That Viral 10-Year Challenge And The Problem With Perspective
The invasion of the 10-year-challenge on social media got me reminiscing about 2009-me. Ten years ago, I was a new mom to twin girls and I was drowning. Drowning in cuteness, in bottles, in diapers, breast pumps, tears and drowning in isolation. I was in the middle of the struggle and I felt totally alone with two crying babies. Of course, I told everyone who asked the standard answer …
“Everything is fine.”
Ten years ago, I was so tired, hormonal, and hell-bent on not asking for help. I even had a partner who was in the middle of the struggle with me. Though, as a true perfectionist, I told him “I’ve got this,” which translated to “read my mind and jump in here where I need help, which I will not ask you for.” He was not only struggling with our new normal, but now he was confused on whether to grab a bottle or run in the other direction.
This doesn’t sound familiar to you? Well, good for you. I’m no longer ashamed to admit that I, on the other hand, was a complete mess ten years ago. Ten years ago, I would not have admitted this to anyone. I put forth a massive amount of energy to hide my mess from anyone daring to enter my world. When you spend a large amount of time claiming there is “nothing to see here,” people either begin to believe you or become afraid to approach you. Either way, I managed to find my spot on isolation island, far away from any sign of help.
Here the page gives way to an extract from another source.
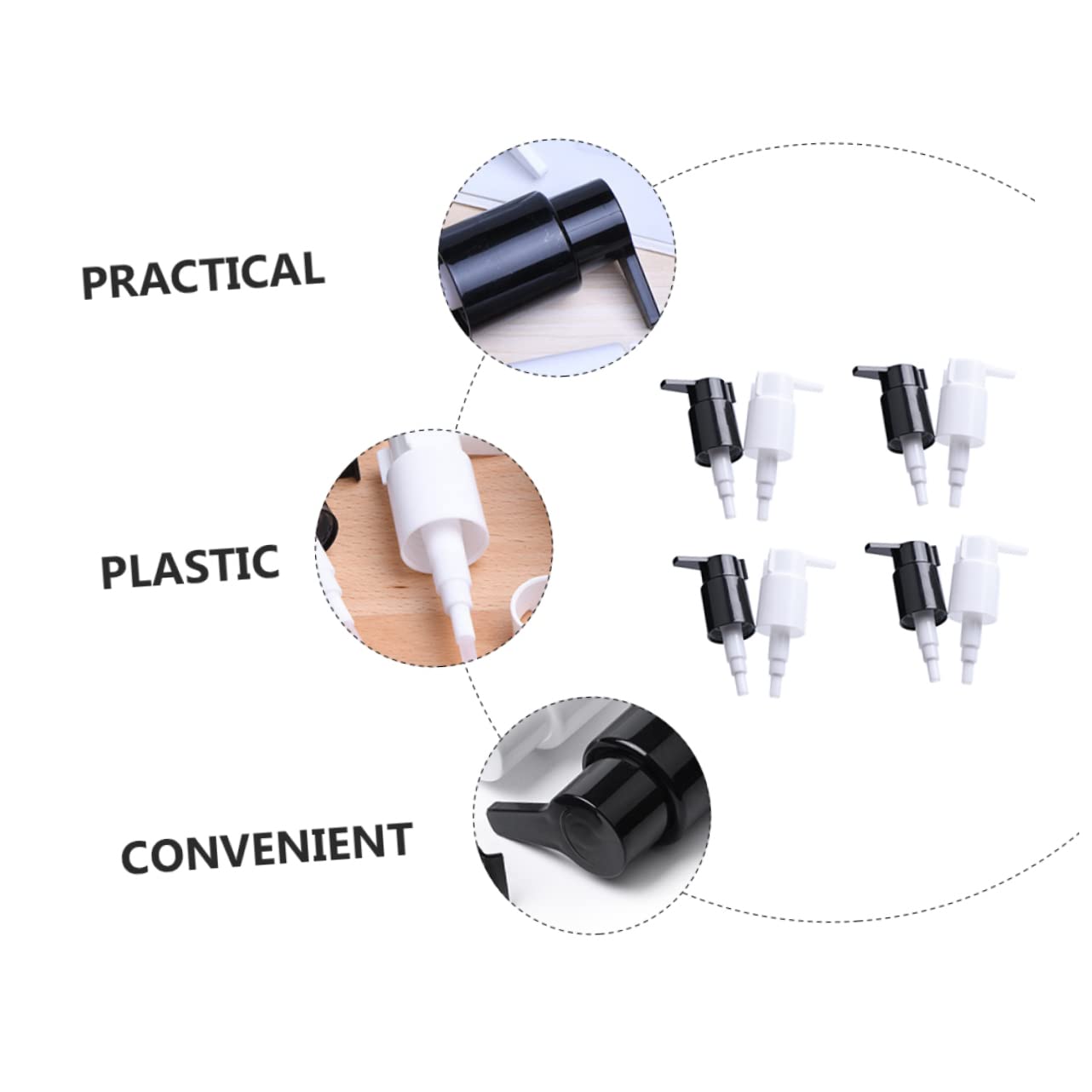 Ciieeo Plastic Pumps Set Lotion Pumps Replacement for Soap Dispenser Travel Bottles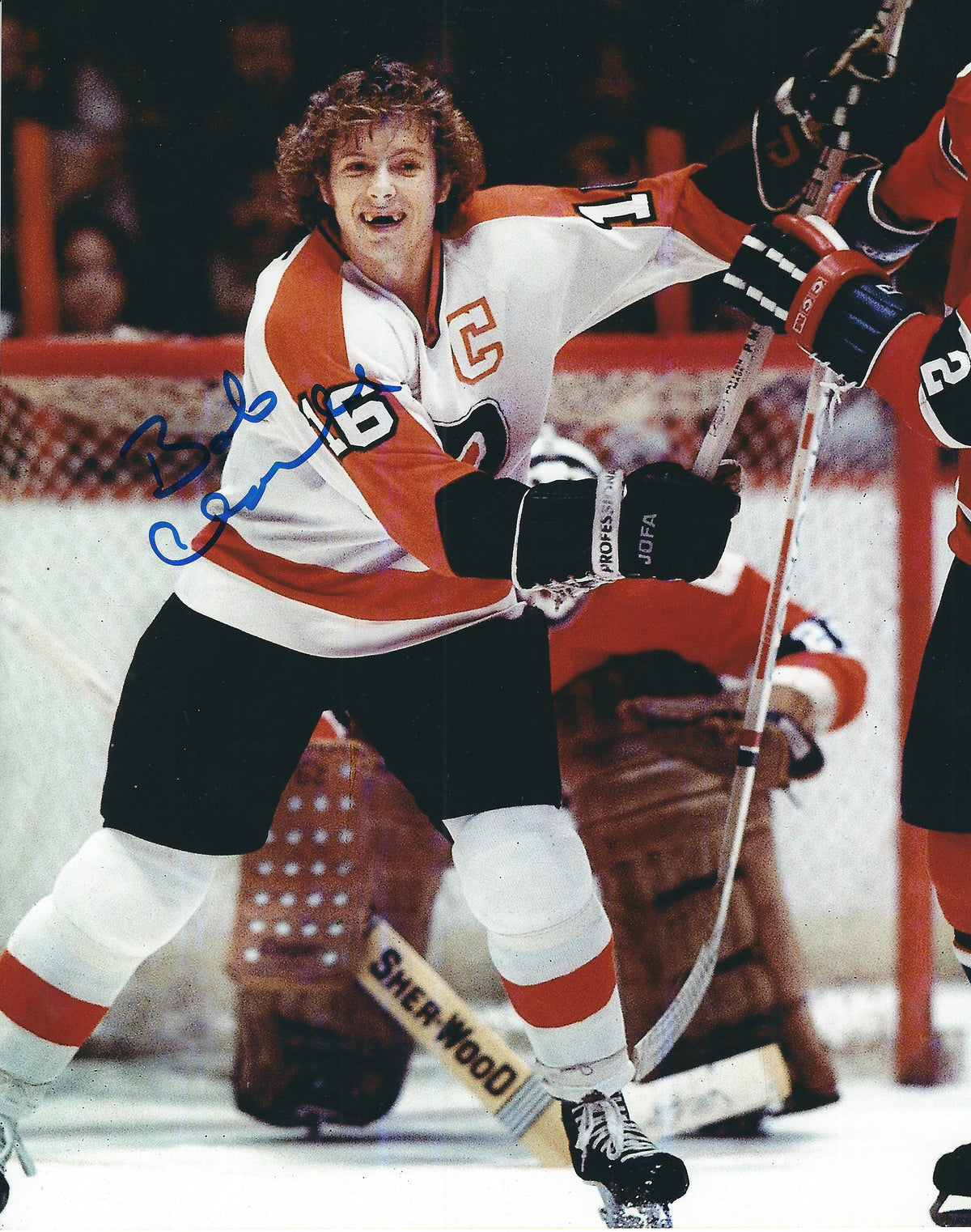 Autographed BOB CLARKE 8X10 photo - Philadelphia Flyers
Ten years ago, I was in the deep blue ocean of “mommy,” and the waves of baby were crashing over my head so often I couldn’t catch my breath. At the very same moment, I was so in love with these two humans I couldn’t see straight. Basically, I was hanging onto my sanity by the thinnest of thread known to human-kind. I couldn’t see past 3:00 pm, much less a year — or ten years — down the road. I was most concern with maintaining these little humans for another day, making sure their behinds stayed dry and trying to “sleep when they sleep,” as everyone preached.
Survival was in the eye of the beholder at that stage, but that is what I did. Survive. No one could have confused what we were doing in our house as thriving, though we could present to the outside world and be “fine” when given enough prep-time.
Perspective, my friends, is everything. I didn’t realize that time was so brief, and though it felt like 15 years had passed, it had only been four months. I didn’t realize that asking for help didn’t make me a bad mom, but rather made me honest and sane. “Fine” was my prison, and I willfully allowed myself to remain incarcerated for far too long. I pushed away my first favorite human (aka, my husband) with my wall built by “fine” bricks and missed out on moments of peace instead of stress.
All the while, from my perspective, I was doing the right thing and what was necessary. As the default parent, I struggled to let go of any piece of parenting with the fear of not being enough. I was afraid if I couldn’t handle it all, then I was failing at every turn and task as a parent. I quite literally beat myself with words on a daily basis while I remained silent with the exception of “everything is fine.”
Ten years later, I wish I could hug that new momma. I wish I could let her sleep for five straight hours without waking up. I wish I could tell her that right now is but a blink of an eye in this mom-game. And I wish I could laugh in her face when I tell her this is the easy part. 2019-me would blow 2009-me’s mind! If she had enough energy, 2009-me might kick 2019-me’s ass for laughing and call the present me a liar.
Perspective – what a bitch! Perspective gives us blinders and makes us deaf, but it is also why we do what we do. We function on limited information we believe to be the truth. Perspective gives us passion while providing boundaries. We hold onto our truth so tightly and believe it to be our handbook from which to practice. As this process goes on, we miss the rest of the world turning and can only see our little pinpoint of reality, which we created. What is healthy about that?
The exhausted momma in this picture just took her babies to get their shots for the first time. Laying between my legs and on my chest was only way those babies would go to sleep. I can still smell the sweetness from the tops of their heads. I remember this exact moment when my sister took this picture. I remember thinking, “Seriously, I look like hell and I just want to sleep. Leave me alone!”
2009-me was doing the best she knew how with the information she had. We can’t hold ourselves accountable for things we didn’t know. What we can do is better, when we know better.
Those babies are now in the 5th grade and still will go to sleep laying on me in my bed from time to time. The difference is today I enjoy the moment because I know better. My perspective has changed. My eyes and heart are open.